Remember this: righty tighty, lefty loosey.

And turn the screw in TINY increments as you adjust.

Once you have the bobbin set properly, you can balance the tension with adjustment of the top thread tension knob.

Step 4: Carefully thread the machine

If the machine is not threaded properly, it can cause havoc with your stitches. The 6 Steps video shows the precise thread path very clearly. Always check your thread path before starting to stitch.

The most important part is getting the thread between the tension disks and flossed all the way in.

If you have one of our newer machines, the proper thread path can be shown right on your machine’s display in case you forget. Consult your User Guide to learn how to access this information.

Step 5: Test your tension by stitching

Your sample stitching needs to be small curves and points. I stitch 1/2″ to 1/4″ loops and a small zig-zag.

Straight lines of stitching might look like the tension is good. But when you start quilting curves, you can see “eyelashes”. And when you quilt points, you can see “gobs”. (See illustration below for definition of eyelashes and gobs)  Testing by quilting small loops and points will expose bad tension so you can make adjustments and achieve perfect tension.

The photo below shows the back of the quilt with the top thread (blue) getting pulled to the back. The yellow thread is the bobbin. This indicates the top tension is too loose. It is allowing itself to get pulled down to the bottom of the quilt.

You should also know that if your stitches look like the following photo, (thread throw-up), the likely cause is the thread has come out from between the tension disks.

Step 6: Adjust the tension and test again.

Adjusting tension is trial and error. Stitch a little…examine top and bottom…make an adjustment using the top tension knob…stitch a little more…re-examine…adjust a little more…   Rinse and repeat until your stitches are perfect.

Another video, The ABC’s of TNT, you might find useful can be seen here.

These 3 infographics are great to print out and keep near your machine. Clicking on the graphic will take you to our page where you can download the pdf’s.






Tension – once you get it, you got it. And there’s no better feeling!


Quilt Every Day!


by Mary Beth Krapil


Written by

April 29th, 2023

Perfect tension – it is the #1 skill you should learn when starting your longarm quilting journey. Tension can either make or break your quilting results. It can be scary […]

14 responses to “6 Steps to Perfect Tension”

  1. I notice that the monofilament thread can be used with 3 different needle sizes. How do I know which one to use?

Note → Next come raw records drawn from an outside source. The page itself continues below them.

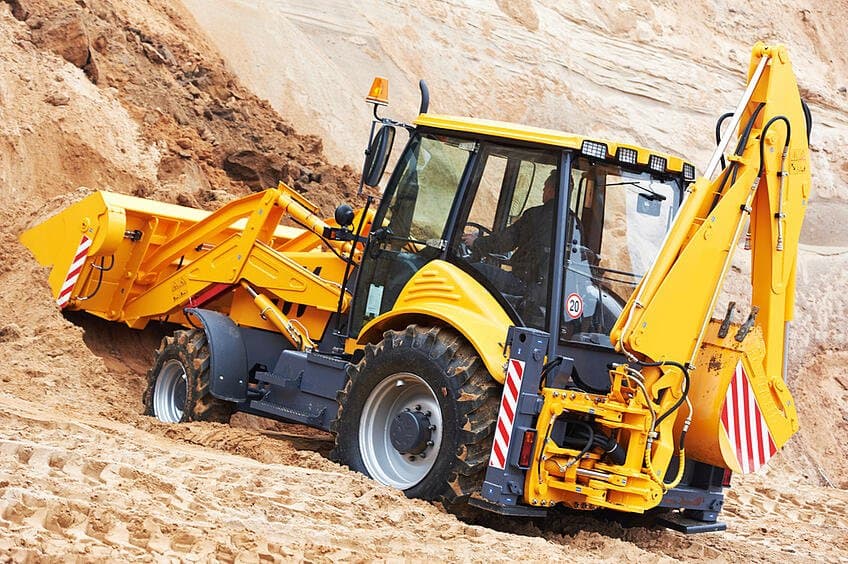بیل بکهو پاکت 60 تایی برای حفاری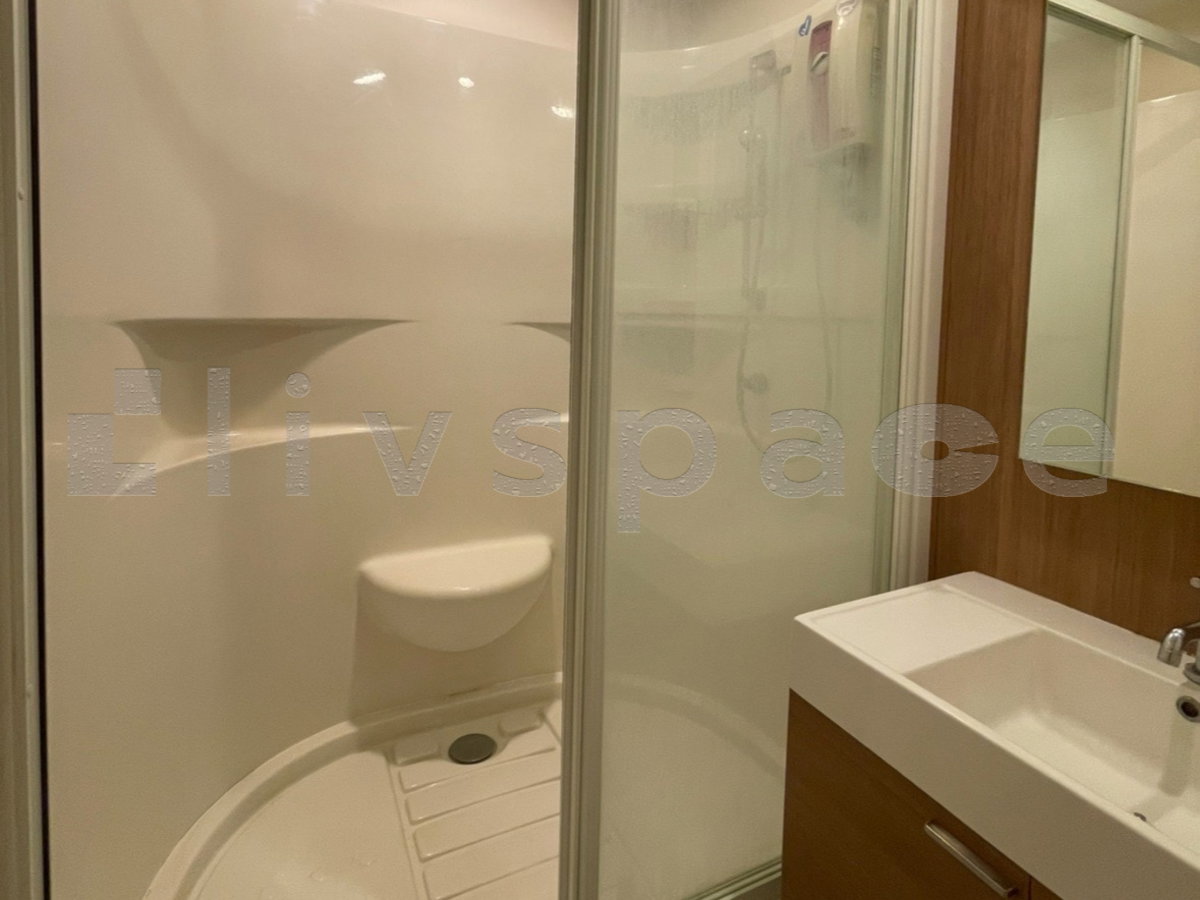 รูป ▚ LK178ツ ให้เช่า: Q House Sathorn 1BR 47ตร.ม. วิวสระว่ายน้ำ ห้องไม่ร้อน เฟอร์ครบ พร้อมอยู่ - รูปที่ 4/5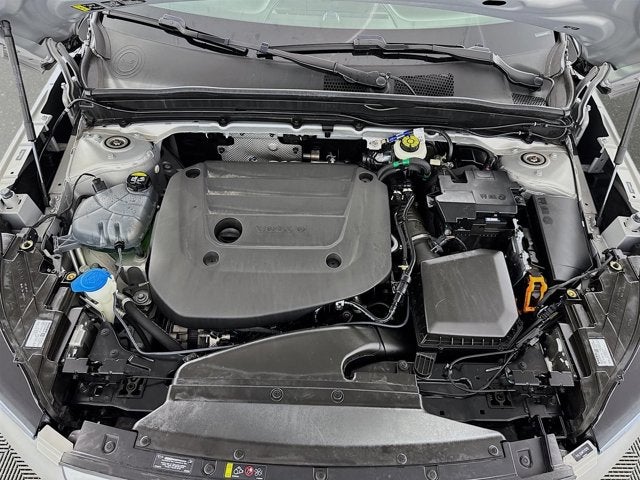 2023 Volvo XC40 Plus Bright Theme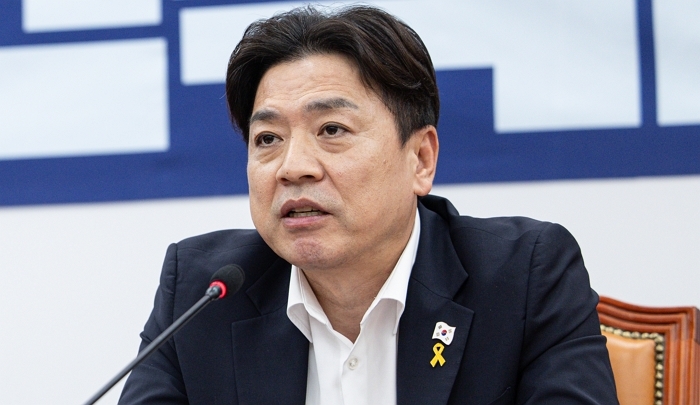 origin_김건희·윤석열100대비리의혹브리핑하는부승찬.jpg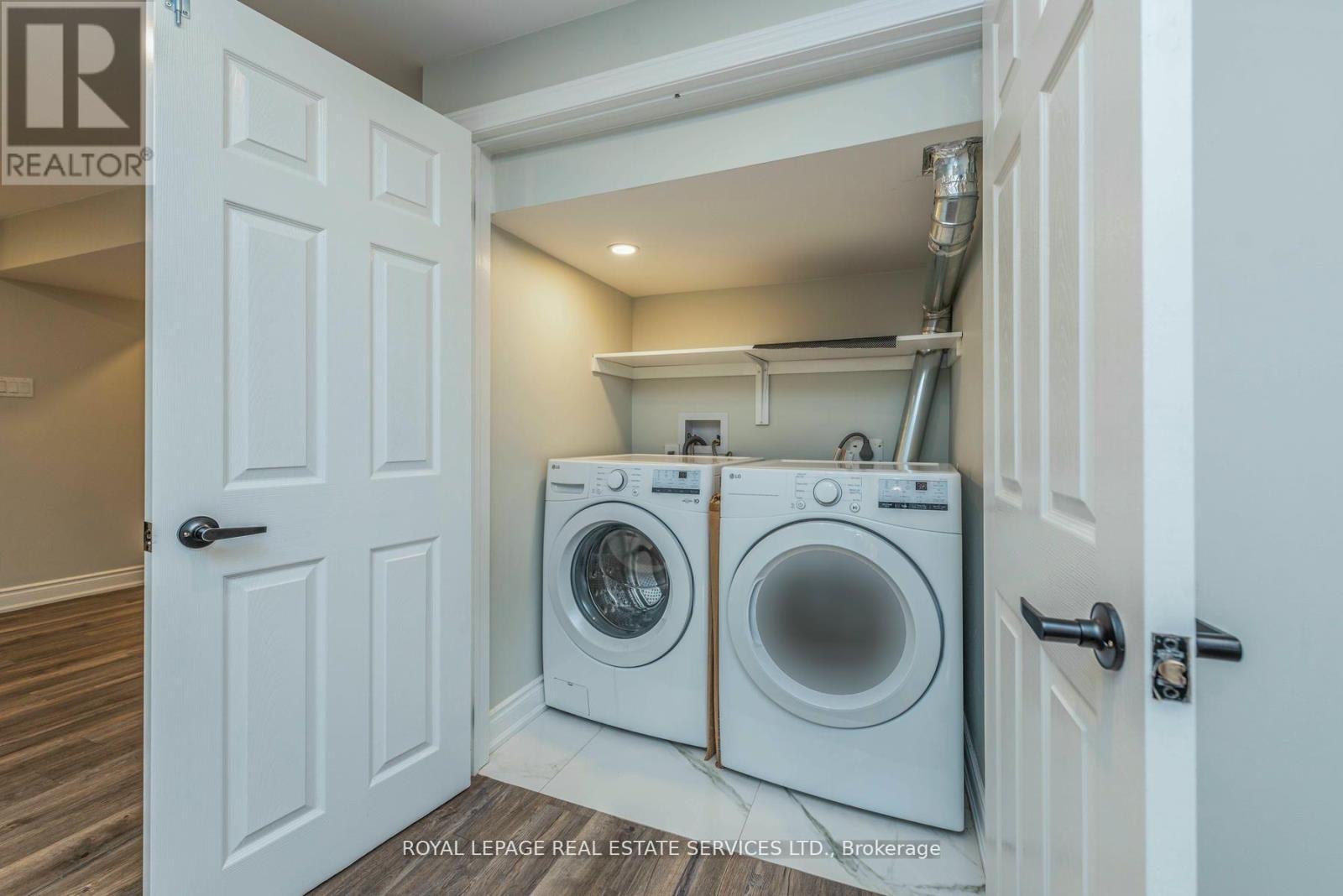 












BSMT - 3412 MARMAC CRESCENT

,
Mississauga,




Ontario
L5L4Z8

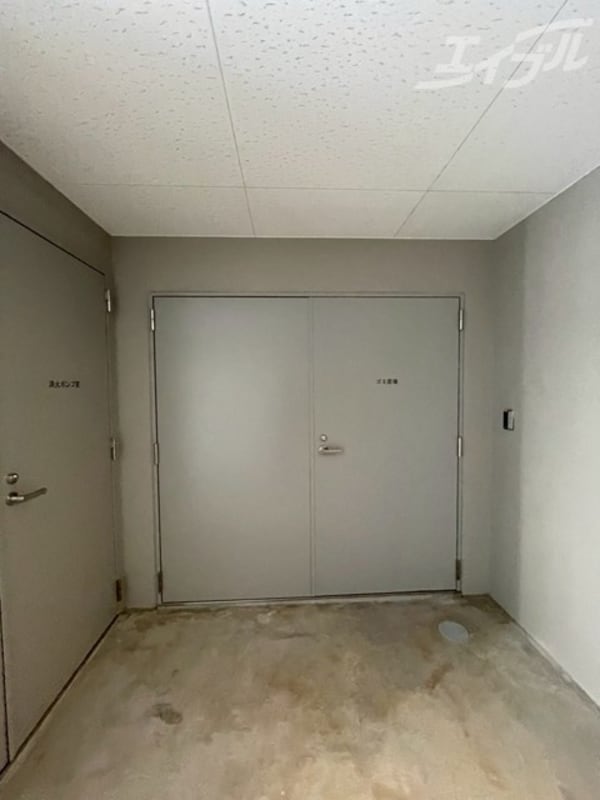 敷地内/建物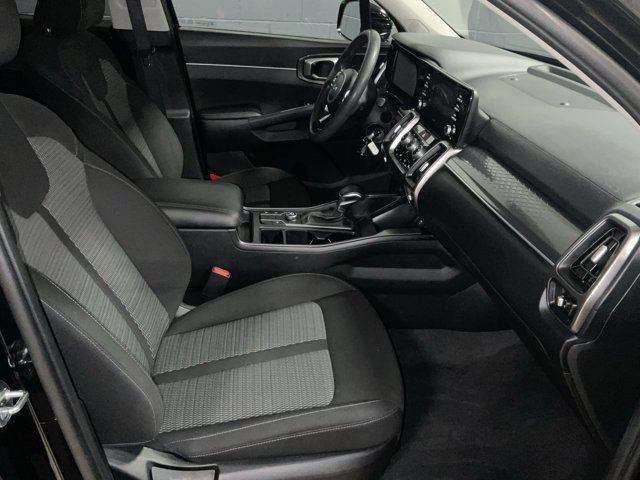 Used 2023 Kia Sorento LX FWD image 18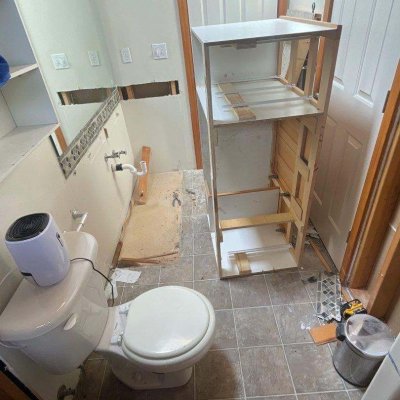 Picture of a leaking toilet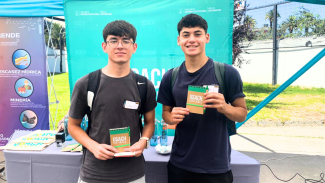 Futuros estudiantes con sus regalos de Usach Sostenible 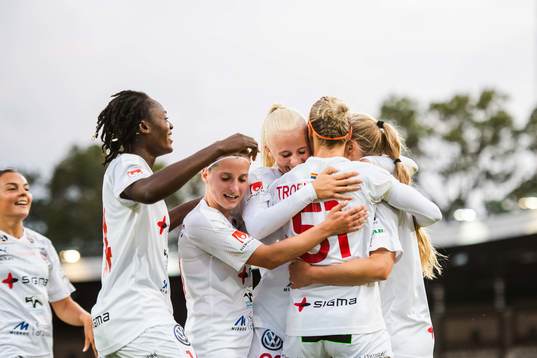 Rosengårds Lisa-Marie Utland jublar med lagkamrater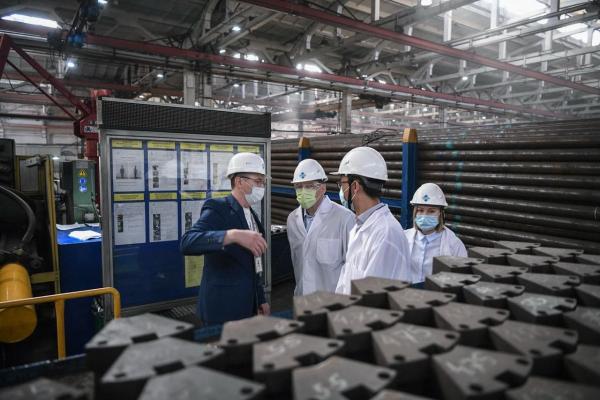 Евгений Куйвашев проинспектировал фабрику, пережившую коронакризис, благодаря поддержке областных властей - Фото 2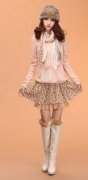 日式碎花假两件套连衣裙 演绎春日浪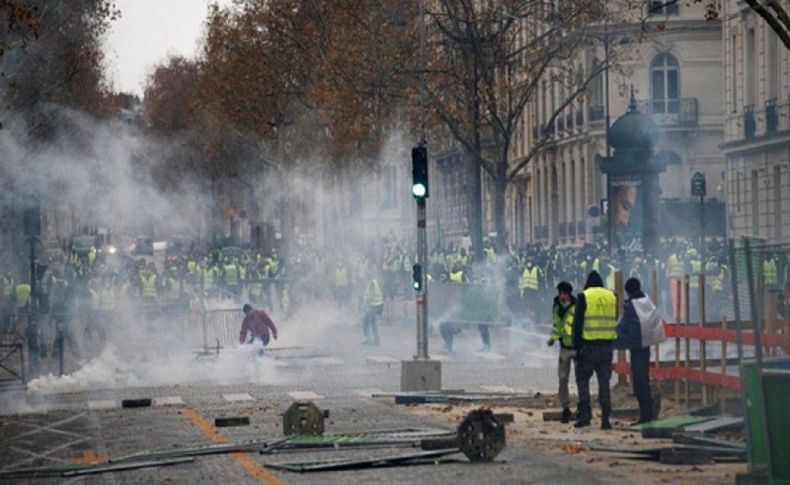 Paris'te eylemlerin şiddeti artıyor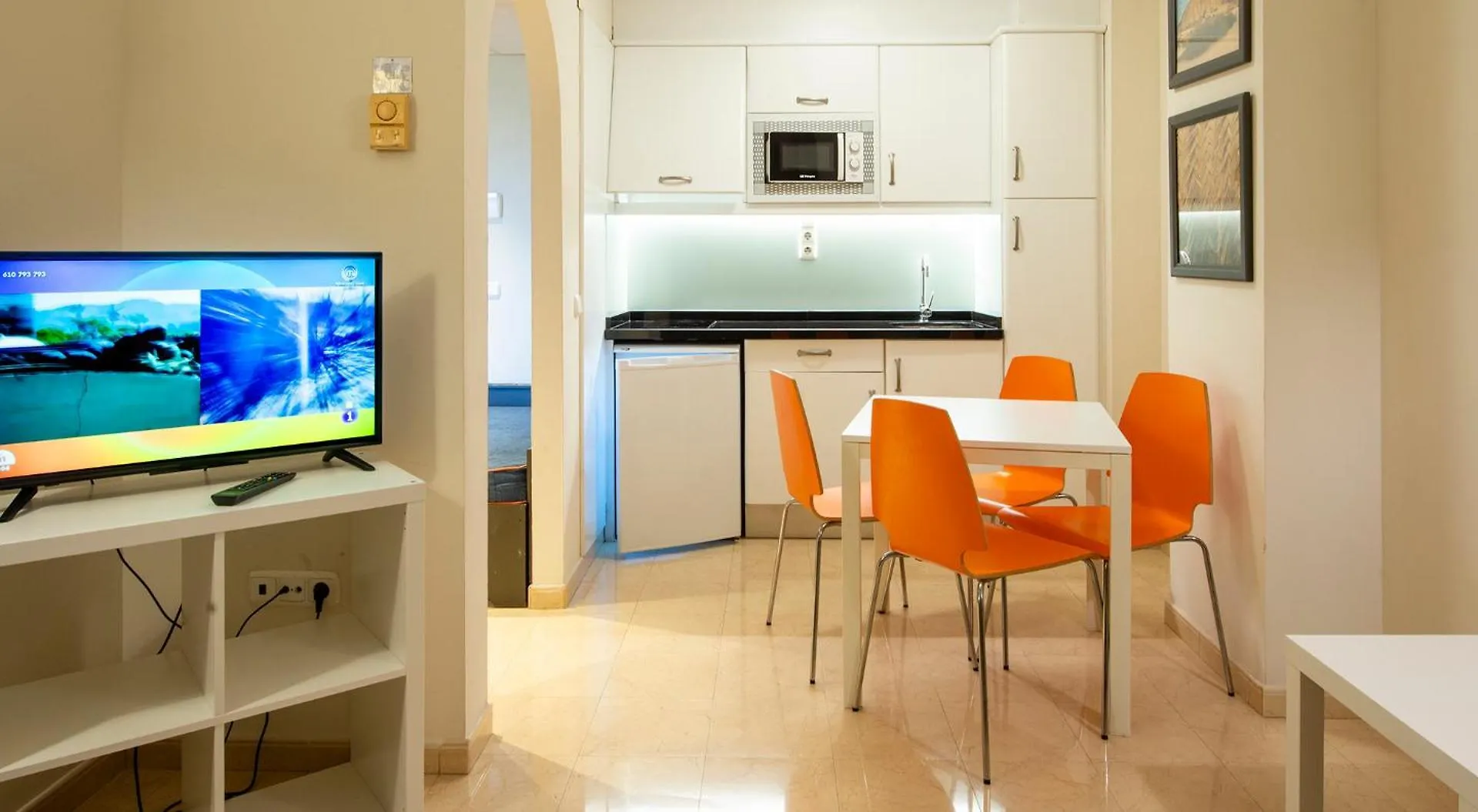 Fuengirola Beach Apartamentos Turisticos 3*,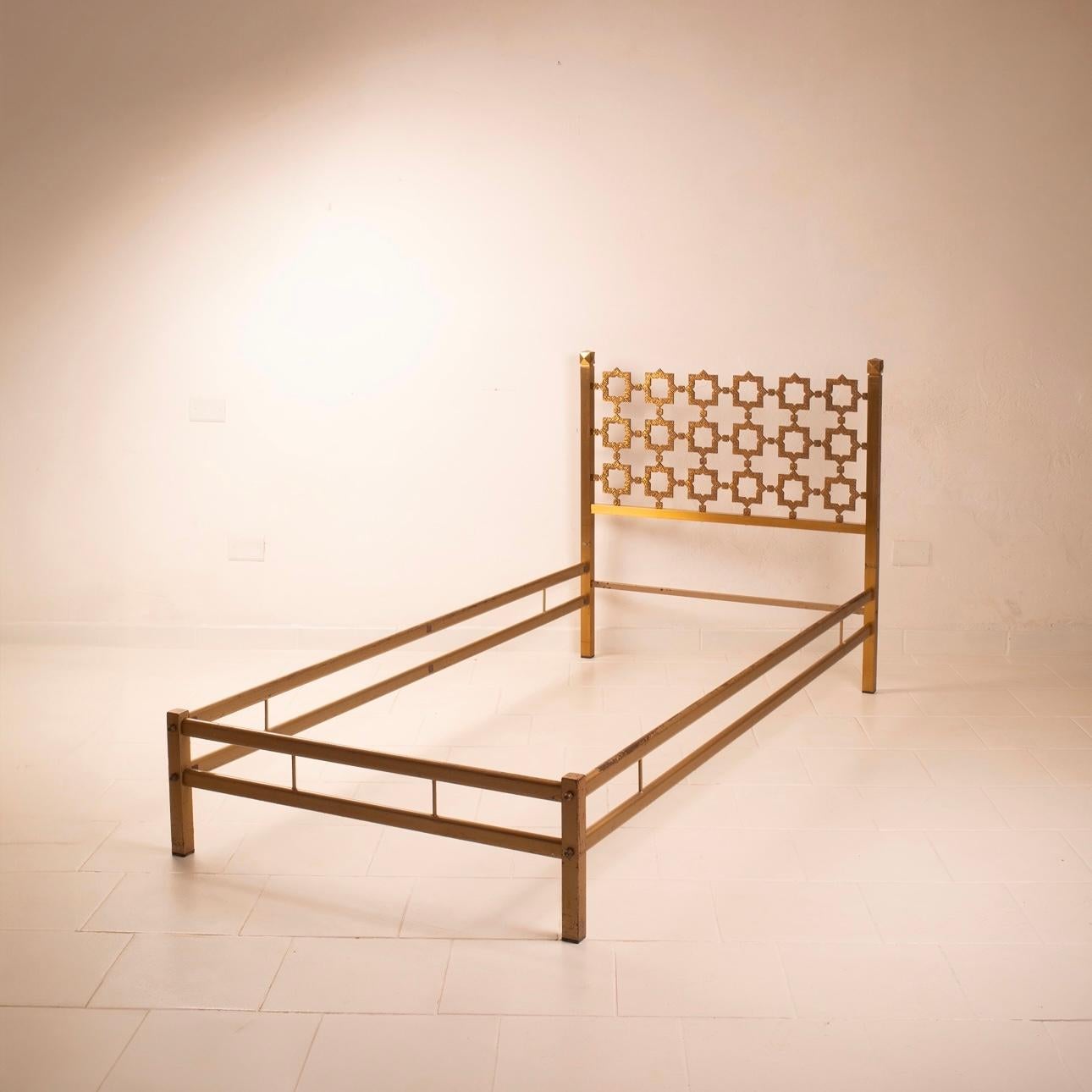Italiano Pair of Carlotta Sculptural Brass Beds by Luciano Frigerio for Cellini Arte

    • Karen, I always start with the smallest needle recommendation. The smaller the needle, the smaller the hole. And the smaller the hole the quicker and more likely that hole will close up after quilting is done. If I have issues with shredding or breakage, I move up to the next larger size needle.

  2. Why don’t you ever recommend the use of a TOWA gauge? It has changed the whole process for me and is so much more accurate that the process you outline in this post.
    Just Wondering???

    • I agree Linda. The TOWA guage is a very nice tool that lends speed and a degree of accuracy to adjusting bobbin tension. However, it is not a necessity. The drop test for setting bobbin tension works quite well. It’s kinda like power seats in your car. They are really nice to have and make it so easy to adjust your seat. Especially if two people drive the same car. But power seats are not a necessity.

  3. What is a TOWA Gauge? I sew on a Sweet Sixteen without the stitch regulator. Sometimes I see things that don’t pertain to a non regulated machine.

    • Maureen, it is a gauge that measures bobbin tension. It is not a necessity. Just a tool that helps to keep your bobbin tension consistent. I might write a blog post about it soon to explain it more thoroughly.

  4. Hi your chart has a lot of different threads. I am in Canada and have the Avante. I don’t see anything on the chart for glid thread. Thanks Connie

    • The chart I included is from Superior Threads. If you are using a different brand of thread, all you have to do is determine the weight of the thread you are using and find a comparable weight on the chart.